Given records |
****

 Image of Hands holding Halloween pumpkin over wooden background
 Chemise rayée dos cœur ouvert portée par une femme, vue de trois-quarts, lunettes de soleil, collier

****

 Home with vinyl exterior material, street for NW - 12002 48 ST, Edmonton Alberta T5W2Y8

****

Task item | Give again exactly, and only, the lines above starting at the one with "Image of Hands" and ending at the one with "Chemise rayée dos".

Your response |
 Image of Hands holding Halloween pumpkin over wooden background
 Chemise rayée dos cœur ouvert portée par une femme, vue de trois-quarts, lunettes de soleil, collier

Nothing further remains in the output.